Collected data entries
++++++
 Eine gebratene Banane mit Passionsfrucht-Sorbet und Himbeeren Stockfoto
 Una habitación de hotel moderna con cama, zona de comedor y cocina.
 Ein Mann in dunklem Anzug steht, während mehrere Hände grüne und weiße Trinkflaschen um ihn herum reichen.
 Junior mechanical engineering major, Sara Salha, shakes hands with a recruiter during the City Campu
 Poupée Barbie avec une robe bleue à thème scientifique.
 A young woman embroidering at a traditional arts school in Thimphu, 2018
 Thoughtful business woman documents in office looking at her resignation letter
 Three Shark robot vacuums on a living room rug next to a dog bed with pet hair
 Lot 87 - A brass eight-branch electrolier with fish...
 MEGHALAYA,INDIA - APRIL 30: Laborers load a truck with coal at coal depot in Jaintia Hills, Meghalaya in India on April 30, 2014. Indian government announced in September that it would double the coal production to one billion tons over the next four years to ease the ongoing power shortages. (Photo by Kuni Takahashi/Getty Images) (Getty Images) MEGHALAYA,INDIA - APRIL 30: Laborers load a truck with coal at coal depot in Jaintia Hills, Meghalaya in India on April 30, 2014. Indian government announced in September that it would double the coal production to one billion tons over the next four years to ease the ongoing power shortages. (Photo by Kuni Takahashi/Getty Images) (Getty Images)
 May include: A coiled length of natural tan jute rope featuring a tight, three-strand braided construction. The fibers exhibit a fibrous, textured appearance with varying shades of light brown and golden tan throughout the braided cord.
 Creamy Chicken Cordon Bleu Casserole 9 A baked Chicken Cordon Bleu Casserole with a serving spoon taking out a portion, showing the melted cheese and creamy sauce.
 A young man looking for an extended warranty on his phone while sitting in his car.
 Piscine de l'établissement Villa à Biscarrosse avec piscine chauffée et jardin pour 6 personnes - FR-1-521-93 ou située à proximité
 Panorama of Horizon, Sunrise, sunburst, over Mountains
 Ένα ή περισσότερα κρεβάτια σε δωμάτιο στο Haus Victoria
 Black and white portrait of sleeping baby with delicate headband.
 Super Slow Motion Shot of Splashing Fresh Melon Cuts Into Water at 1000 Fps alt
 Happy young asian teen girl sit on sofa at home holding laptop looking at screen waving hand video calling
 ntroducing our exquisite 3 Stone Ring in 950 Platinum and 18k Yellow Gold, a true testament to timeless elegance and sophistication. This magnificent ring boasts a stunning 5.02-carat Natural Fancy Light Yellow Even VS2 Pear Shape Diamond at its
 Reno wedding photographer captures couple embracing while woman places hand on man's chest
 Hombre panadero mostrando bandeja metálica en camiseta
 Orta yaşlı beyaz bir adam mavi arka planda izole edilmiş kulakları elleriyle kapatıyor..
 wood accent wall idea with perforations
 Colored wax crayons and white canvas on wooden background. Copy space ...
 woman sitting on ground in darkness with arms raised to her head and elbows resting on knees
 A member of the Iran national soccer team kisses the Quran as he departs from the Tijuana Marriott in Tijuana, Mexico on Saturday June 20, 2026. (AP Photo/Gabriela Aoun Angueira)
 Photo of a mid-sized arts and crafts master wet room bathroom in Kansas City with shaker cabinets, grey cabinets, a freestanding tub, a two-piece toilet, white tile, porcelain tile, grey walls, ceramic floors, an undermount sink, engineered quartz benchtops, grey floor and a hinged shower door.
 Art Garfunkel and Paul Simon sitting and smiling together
++++++
#### Task:
Return every line above where "young" appears.

#### Task solution:
 A young woman embroidering at a traditional arts school in Thimphu, 2018
 A young man looking for an extended warranty on his phone while sitting in his car.
 Happy young asian teen girl sit on sofa at home holding laptop looking at screen waving hand video calling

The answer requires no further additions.